Up until this point, all the frame work has simply been sitting on the concrete slab. It was what I call a calculated risk. I could have anchored all the sections immediately upon putting them up but that wouldn't allow me to tweak things if I needed to later on. Or I could get all the walls up and tweaked to be square and plumb and then risk the possibility of a high wind coming along and blowing the entire thing into a splintered heap into the nearby woods. So I had made a calculated risk and left things sitting just on top of the slap with an eye on the weather forecast and tools ready to go so I could anchor what I have if high winds were forecasted. Fortunately they weren't around during the four days I spent framing up the walls.
I was brought up by a father who used J-bolts to anchor things to concrete. This requires sinking the hook part of the J-bolt down into wet concrete and leaving the straight end exposed, precisely where it was needed later on to apply a washer and a nut. Having done this many times with a small crew on the farm, it is precise work that needs to be done in a hurry and if you mess up and get off, well then you have to jury rig things to make it work. I didn't want that hassle or level of precision.

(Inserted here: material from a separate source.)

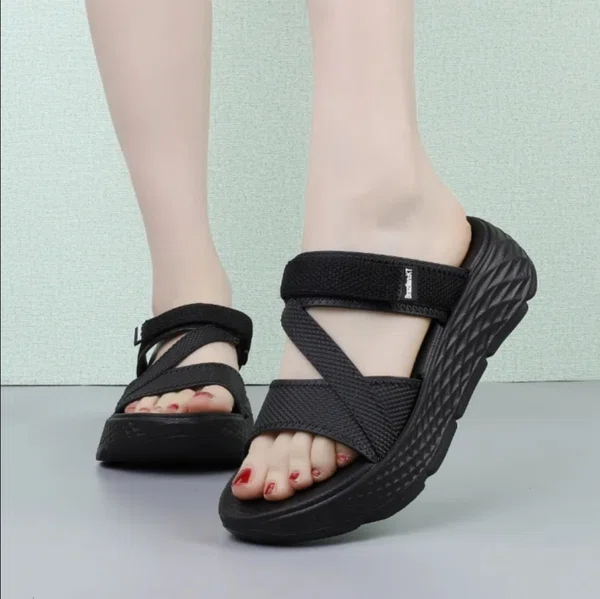Women's Korean Style Outdoor Sandals - Black - Available at AfnoBazar Nepal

Fortunately I was watching a YouTube channel that I normally do a few months back and they used the above anchors for a house they were building. They simply drilled a hole in the concrete after everything was where they wanted it so there wasn't a need for any precision. So all I needed was a hammer drill to drill the holes and an impact wrench to screw the anchor down to hold the structure to the concrete, both tools I already owned. So all I needed was a half inch concrete drill bit and the anchor screws.

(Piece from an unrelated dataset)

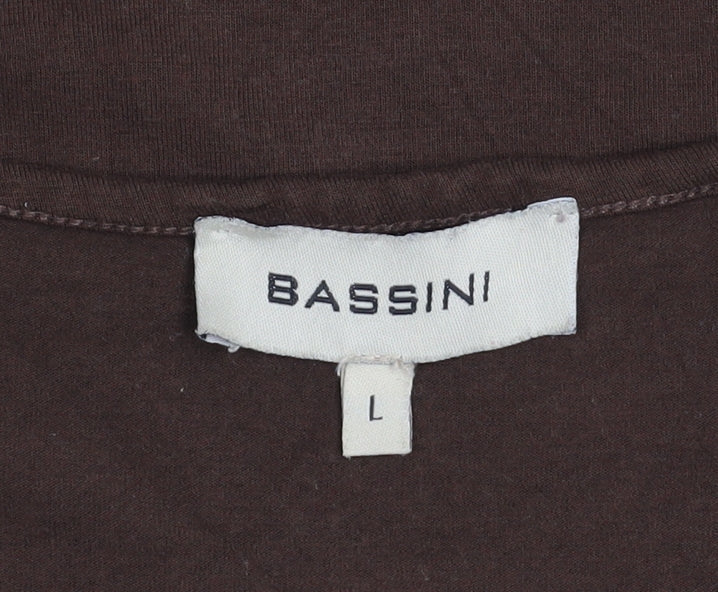 Womens UK Size L BASSINI Brown Basic T-Shirt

The entire process took only about 20 minutes not counting the half hour spent driving downtown to obtain a concrete bit that would work for my drill. (The bit I bought ahead of time over the internet was evidently made for a different type of drill.) Because I had all my studs in place, there was no complicated head scratching to figure out locations ahead of time that wouldn't interfere with a stud or be too close to a stud that my tools wouldn't fit. The anchors were pretty pricey and I ended up being short three so I have to get another full box, further increasing the cost but it will be worth it and I will have some extras. My dad is getting ready to build a storage shed down on his property by the cabin so maybe he can take the extras off my hands. It was well worth the experiment and the structure is now rock solid and the wind that will sweep it from the foundation will be the same one that takes my house too so I hope I never see that day.